If you have difficulty speaking up at meetings, making new suggestions or meeting new people, you might need to build your self-confidence. Self-confidence is different from assertiveness or self-esteem. It’s about doing the things you want to do without feeling anxious or nervous about them.

There are many things you can work on that, over time, will build your self-confidence. You might learn a new skill, become an expert on something, or regularly make an effort to go out of your comfort zone. But what about those times where you are already in a situation that you could benefit from a little self-confidence boost? There are a few easy tricks you can try that might help you out in the moment.

Good Posture (Mom Was Right)

Sometimes just sitting up straight (or standing up tall) can make all the difference in your self-confidence. Look around you in a classroom or at a meeting or in a restaurant. Usually the people who are talking and the ones who have engaged listeners are sitting up tall. And if they are standing, you will notice their shoulders aren’t hunched and their spine isn’t sagging.

If you are looking for a little extra confidence to speak up, try sitting up straight first.
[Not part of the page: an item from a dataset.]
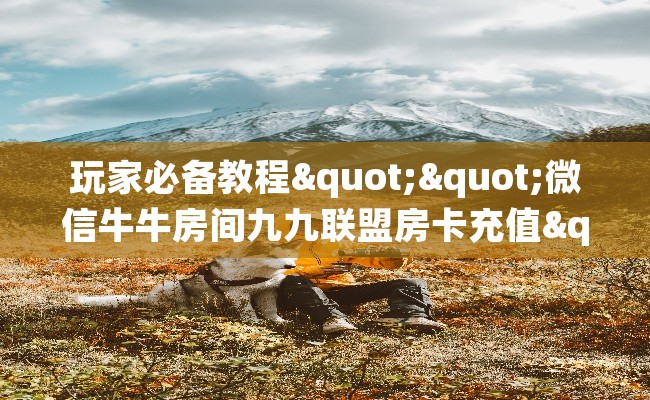 玩家必备教程""微信牛牛房间九九联盟房卡充值"充值详细房卡教程 玩家必备教程""微信牛牛房间九九联盟房卡充值"充值详细房卡教程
Make eye contact, lean forward a bit, and speaking clearly. You’re more likely to be heard that way – and also more likely to be taken seriously!

The Worst That Can Happen Isn’t So Bad

Another quick way to boost your self-confidence is to think, “What’s the worst that can happen?” If you have to speak in front of a group, you might lose your place or not be able to answer an audience member’s question. No big deal – you can take a moment to find your place or tell the questioner you’ll get back to her.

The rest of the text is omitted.